From the entries that follow, reproduce exactly and only the lines from the line with "Ninetales (Mysterious Treasures)" to the line with "Image of Casio", endpoints included.

## RAW DATA
__________________________________________________
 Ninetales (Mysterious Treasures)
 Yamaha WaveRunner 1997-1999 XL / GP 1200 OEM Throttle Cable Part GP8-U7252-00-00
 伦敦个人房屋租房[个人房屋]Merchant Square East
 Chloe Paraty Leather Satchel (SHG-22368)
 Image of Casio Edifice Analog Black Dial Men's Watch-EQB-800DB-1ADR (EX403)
__________________________________________________
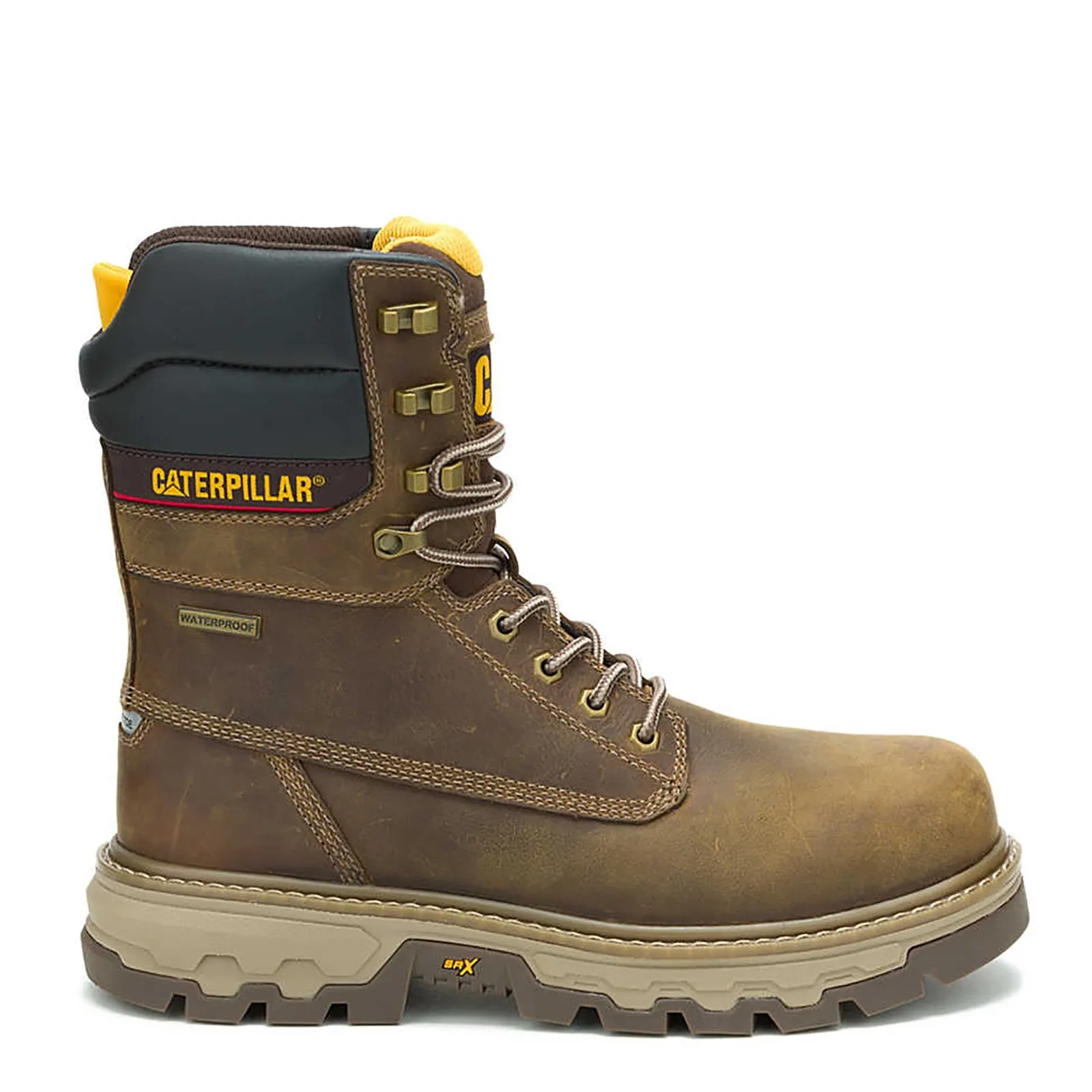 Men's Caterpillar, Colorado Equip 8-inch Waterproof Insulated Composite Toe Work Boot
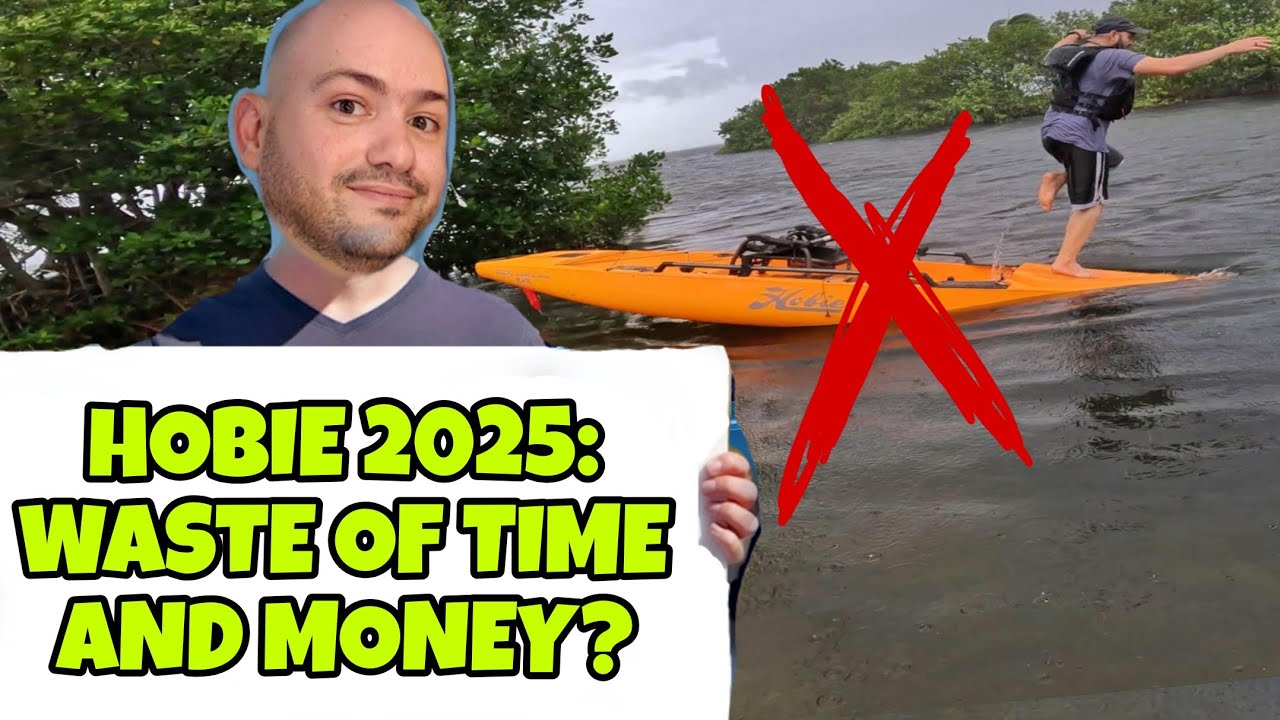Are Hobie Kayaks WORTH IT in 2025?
__________________________________________________
## SOLUTION TO THIS PROBLEM
 Ninetales (Mysterious Treasures)
 Yamaha WaveRunner 1997-1999 XL / GP 1200 OEM Throttle Cable Part GP8-U7252-00-00
 伦敦个人房屋租房[个人房屋]Merchant Square East
 Chloe Paraty Leather Satchel (SHG-22368)
 Image of Casio Edifice Analog Black Dial Men's Watch-EQB-800DB-1ADR (EX403)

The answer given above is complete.